The main side effects, from using a Bacillus licheniformis probiotic product, are gastrointestinal signs. Often these resolve over time or by using a lower dosage. They can include diarrhea, gas or bloating, and cramping.
Things to Keep in Mind When Using Bacillus licheniformis
As with any probiotic or supplement, you should contact your medical professional to make sure that the product will not interfere with any health conditions you may have or medications you are already taking. As noted, some immunocompromised individuals may have issues with probiotics, where these normally friendly organisms such as Bacillus licheniformis can be associated with pathogenicity.

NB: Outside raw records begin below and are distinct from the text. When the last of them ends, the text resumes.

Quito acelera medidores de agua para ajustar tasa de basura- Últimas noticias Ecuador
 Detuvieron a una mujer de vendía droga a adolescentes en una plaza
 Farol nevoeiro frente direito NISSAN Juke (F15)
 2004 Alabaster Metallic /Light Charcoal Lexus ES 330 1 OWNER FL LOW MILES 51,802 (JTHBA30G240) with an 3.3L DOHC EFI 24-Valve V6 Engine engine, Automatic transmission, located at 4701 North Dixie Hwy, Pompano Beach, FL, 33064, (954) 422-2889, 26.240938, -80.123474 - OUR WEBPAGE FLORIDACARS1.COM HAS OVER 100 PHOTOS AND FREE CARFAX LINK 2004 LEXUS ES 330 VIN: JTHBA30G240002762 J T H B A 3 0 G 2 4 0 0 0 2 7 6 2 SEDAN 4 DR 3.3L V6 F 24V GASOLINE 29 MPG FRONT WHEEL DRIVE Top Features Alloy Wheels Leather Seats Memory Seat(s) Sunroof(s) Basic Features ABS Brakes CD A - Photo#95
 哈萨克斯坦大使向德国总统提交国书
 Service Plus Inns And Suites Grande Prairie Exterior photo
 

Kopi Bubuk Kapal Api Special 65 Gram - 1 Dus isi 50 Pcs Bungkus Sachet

When using a probiotic supplement, it is important to follow not just the directions for use but the directions to maintain the product’s integrity. Do not use products after their expiration date, and make sure to store them at the correct temperature and humidity level, as these products are products made almost entirely of living organisms.
Bacillus licheniformis has many different potential uses. In the home, it can be an effective probiotic supplement for many people, as the bacteria produce enzymes that will help breakdown digested products, such as sugars and proteins. It is also useful on a larger scale for industries, where it can be used in producing antibiotics and manufacturing. A newer avenue for the bacteria is using them in dental products, where they can disrupt the biofilm of plaque and may help keep people’s mouths healthier.
These statements have not been evaluated by the Food and Drug Administration. Products discussed are not intended to diagnose, treat, cure, or prevent any disease.